[EXCERPTED DATA]
* * * * * * *

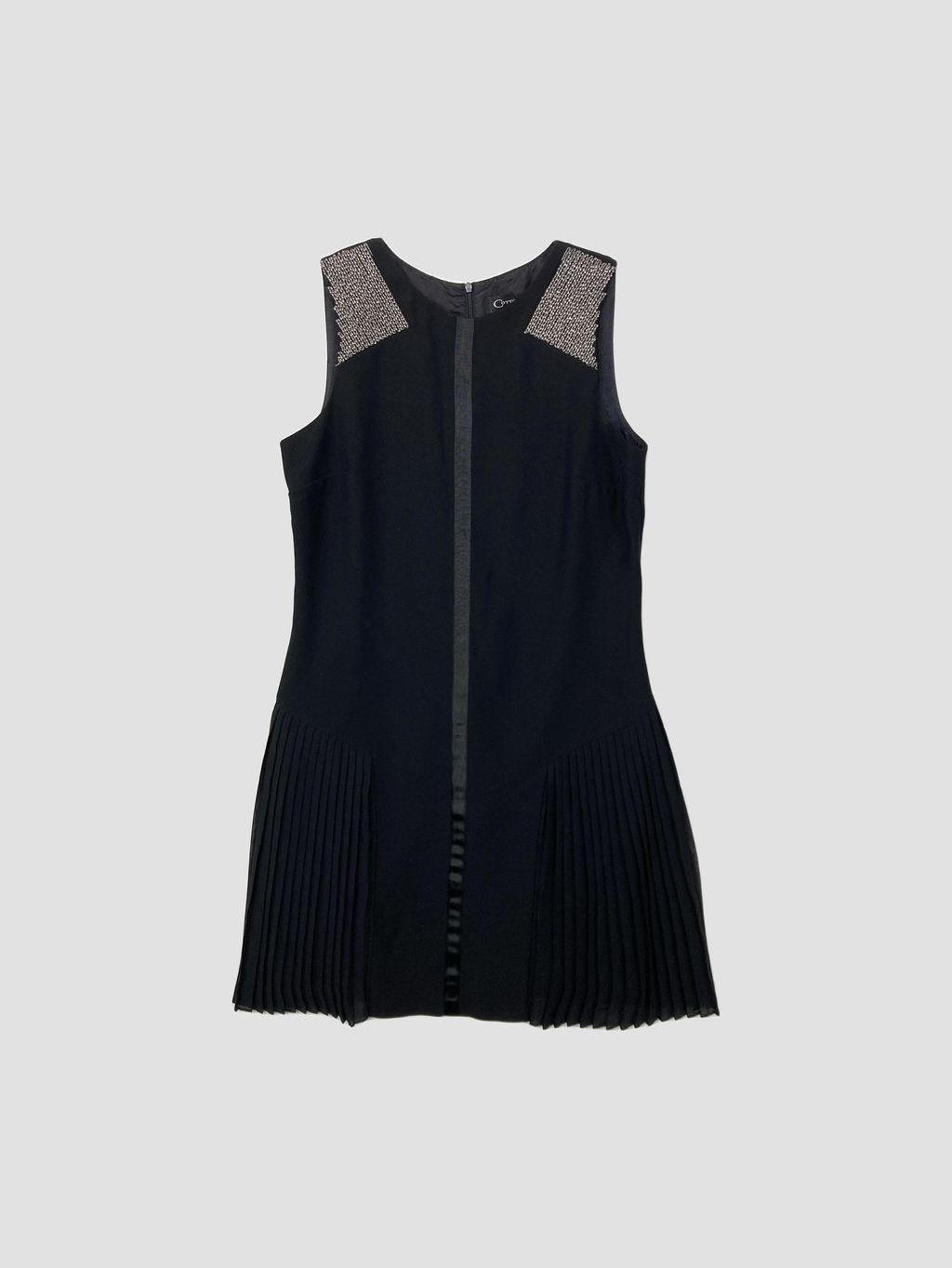 Vestido largo COTTON BAR - Talla S (VOP01208757)-0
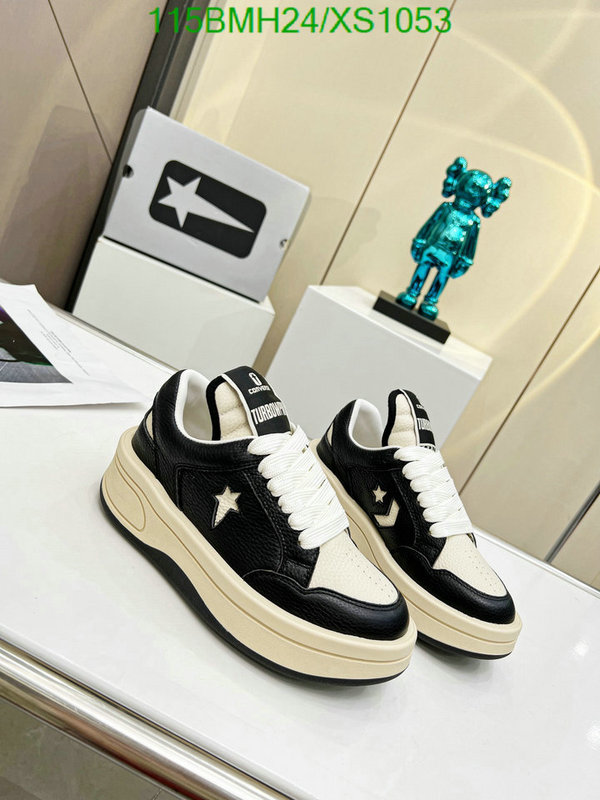 Men shoes-RICK OWENS, Code: XS1053,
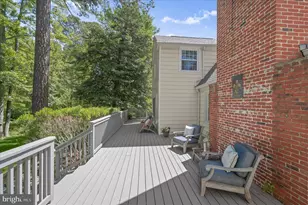 644 Ayrlie Water Rd, Gibson Island, MD 21056 - Photo 12
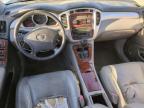 2004 Toyota Highlander  للبيع في Albuquerque، NM - Front End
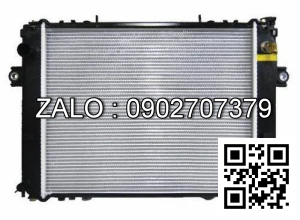 RADIATOR TCM FD20-30Z5/C240 234B2-10101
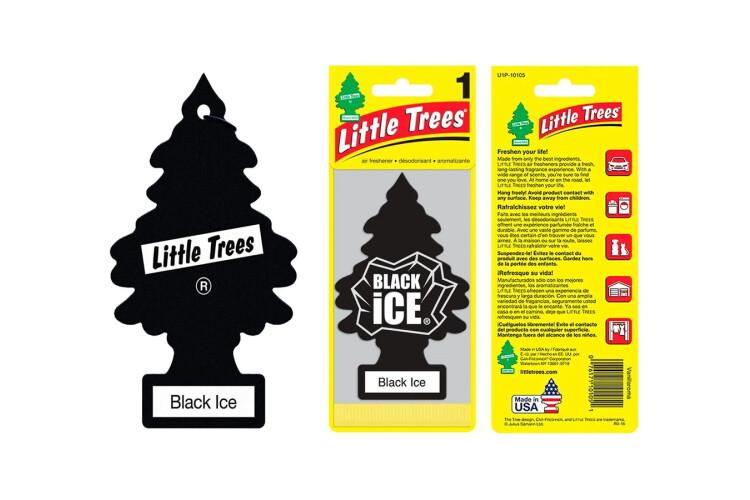 Pinito Black Ice Pinito Black Ice
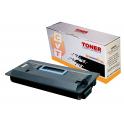 Compatible Toner Kyocera TK710 / TK-710 - 1T02G10EU0 Negro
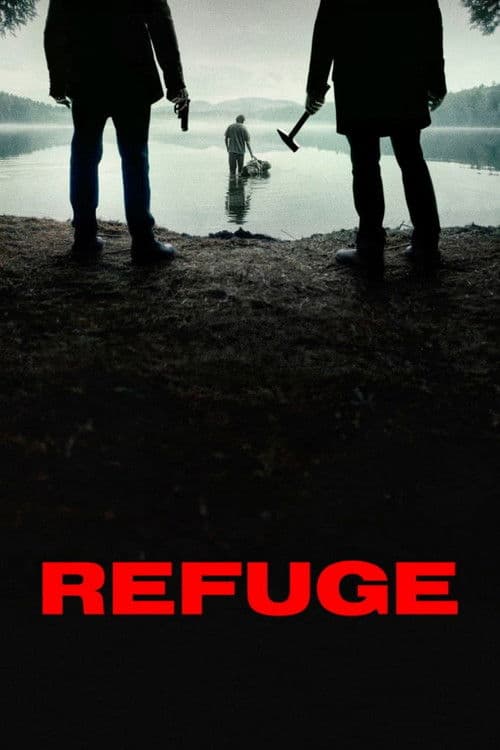 Refuge afişi
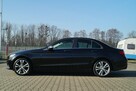 Mercedes C 200 2.0 benz 184 KM Skóra 2014r grudzień serwisowany w ASO - 3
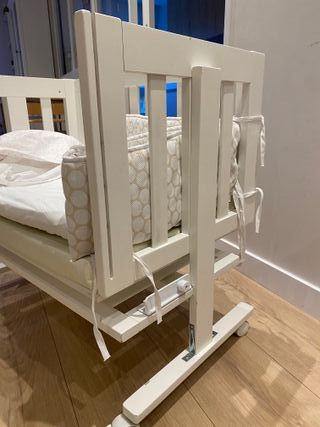 Cuna colecho Micuna Cododo Minicuna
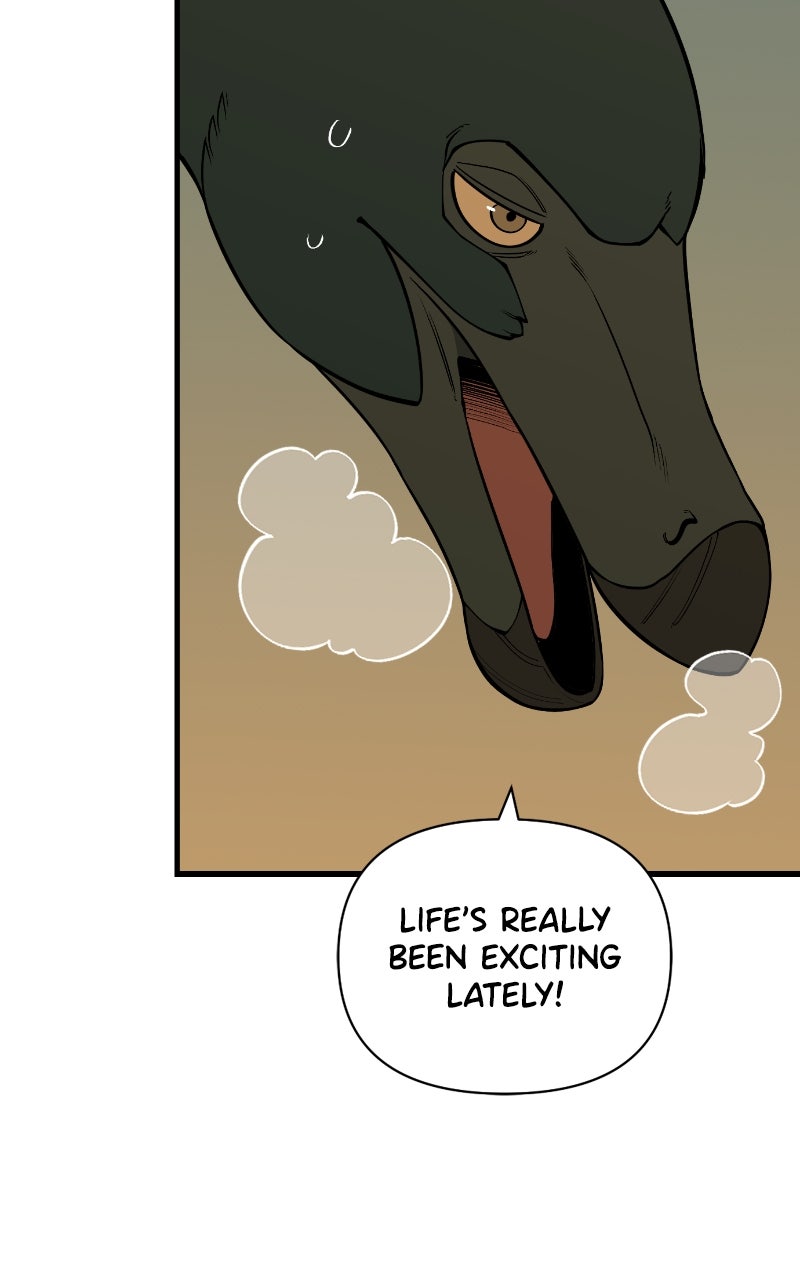 Ancient Animal Tales Ep. 57 - Protect the Lake (15) page 94 - 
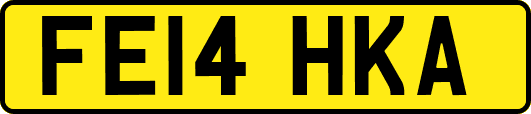 FE14HKA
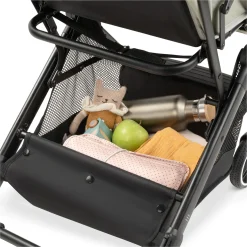 hauck Travel N Care Plus Velvet Olive*Kinder Reisebuggys|Buggys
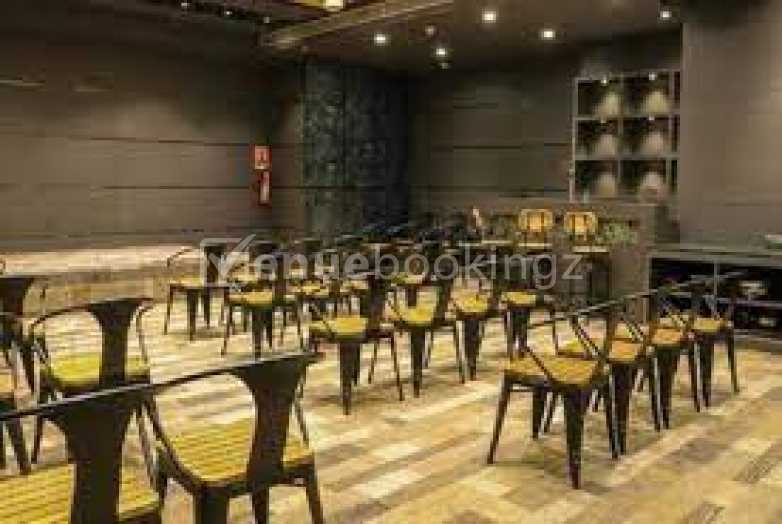 Banquet Halls  in Hrezzo Restaurant And Banquet Ghatkopar Mumbai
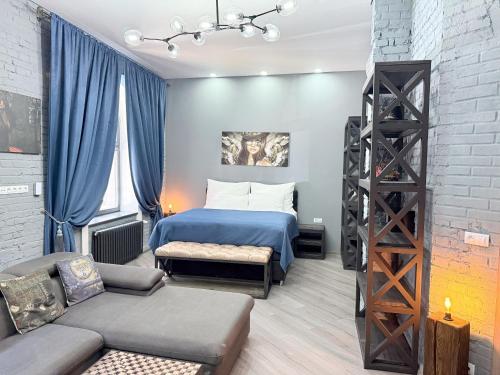 Residence IRON CUBE - Apartment - Karlovy Vary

* * * * * * *

[ACTIVITY] Reproduce, word for word, the lines from the one containing "RADIATOR TCM FD20-30Z5/C240 234B2-10101" to the end of the material, both ends included. No picture is copied.

[ANSWER AREA]
 RADIATOR TCM FD20-30Z5/C240 234B2-10101
 Pinito Black Ice Pinito Black Ice
 Compatible Toner Kyocera TK710 / TK-710 - 1T02G10EU0 Negro
 Refuge afişi
 Mercedes C 200 2.0 benz 184 KM Skóra 2014r grudzień serwisowany w ASO - 3
 Cuna colecho Micuna Cododo Minicuna
 Ancient Animal Tales Ep. 57 - Protect the Lake (15) page 94 - 
 FE14HKA
 hauck Travel N Care Plus Velvet Olive*Kinder Reisebuggys|Buggys
 Banquet Halls  in Hrezzo Restaurant And Banquet Ghatkopar Mumbai
 Residence IRON CUBE - Apartment - Karlovy Vary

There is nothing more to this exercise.